== Description of the task ==
Reproduce every line of the listing as written, apart from the pictures.

== Source data ==
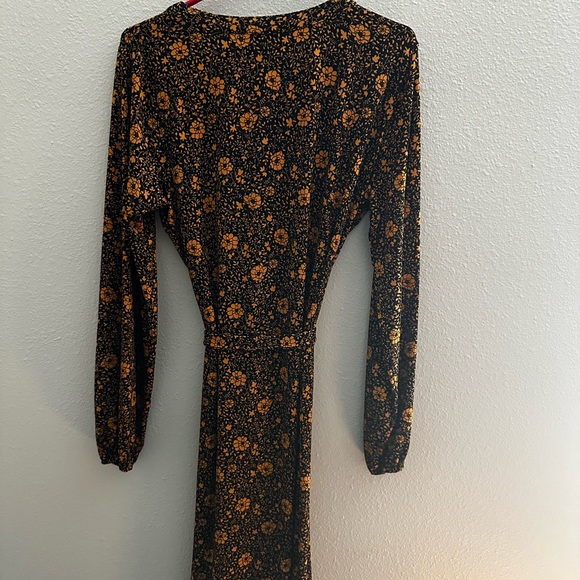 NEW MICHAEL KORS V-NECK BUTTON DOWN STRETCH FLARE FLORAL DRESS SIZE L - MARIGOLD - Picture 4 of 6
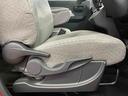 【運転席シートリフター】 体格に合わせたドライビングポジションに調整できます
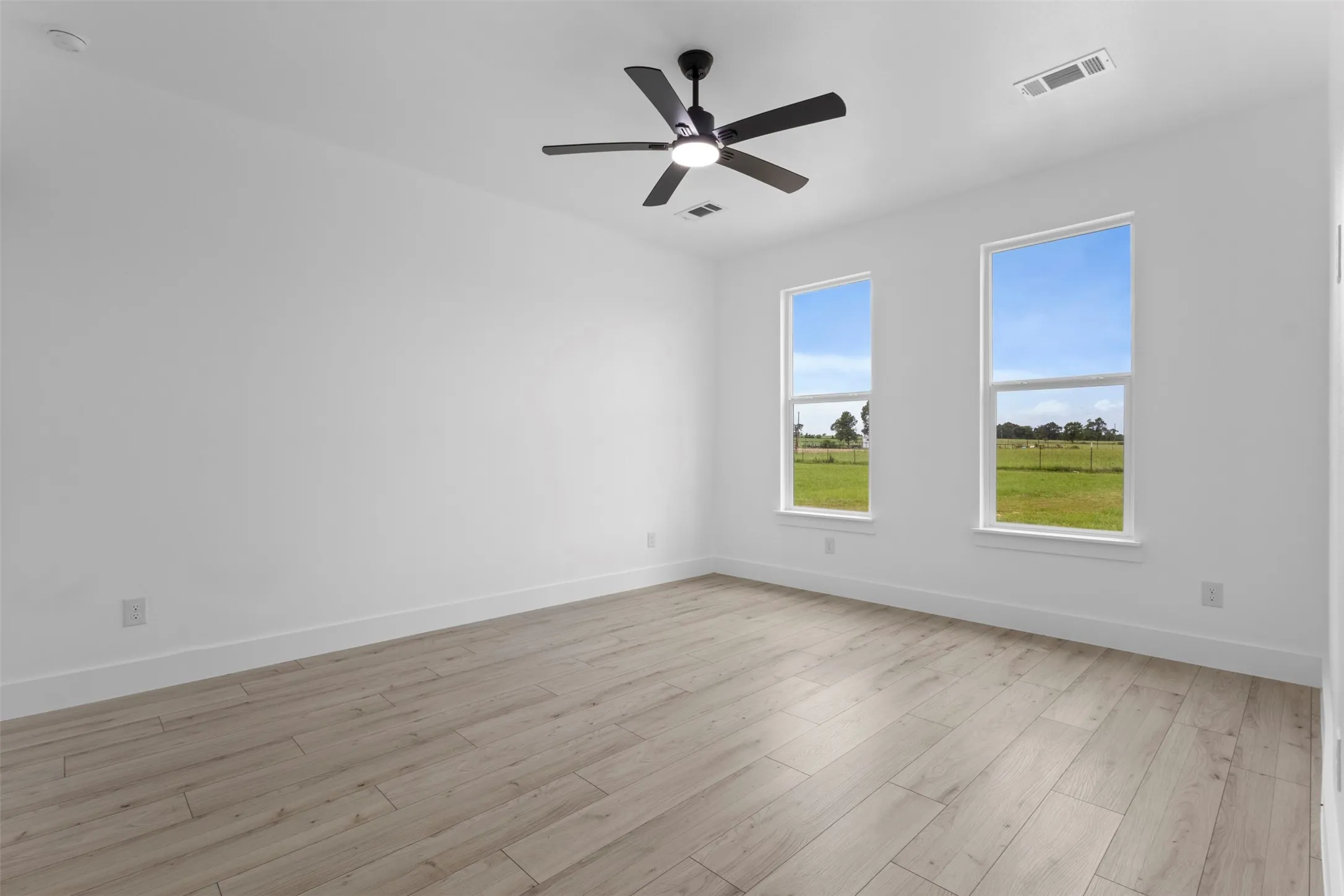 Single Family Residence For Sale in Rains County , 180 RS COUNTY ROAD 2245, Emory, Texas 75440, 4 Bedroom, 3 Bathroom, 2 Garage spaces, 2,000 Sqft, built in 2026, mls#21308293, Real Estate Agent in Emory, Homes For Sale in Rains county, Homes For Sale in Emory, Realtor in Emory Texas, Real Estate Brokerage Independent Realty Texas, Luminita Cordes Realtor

== Exercise output ==
 NEW MICHAEL KORS V-NECK BUTTON DOWN STRETCH FLARE FLORAL DRESS SIZE L - MARIGOLD - Picture 4 of 6
 【運転席シートリフター】 体格に合わせたドライビングポジションに調整できます
 Single Family Residence For Sale in Rains County , 180 RS COUNTY ROAD 2245, Emory, Texas 75440, 4 Bedroom, 3 Bathroom, 2 Garage spaces, 2,000 Sqft, built in 2026, mls#21308293, Real Estate Agent in Emory, Homes For Sale in Rains county, Homes For Sale in Emory, Realtor in Emory Texas, Real Estate Brokerage Independent Realty Texas, Luminita Cordes Realtor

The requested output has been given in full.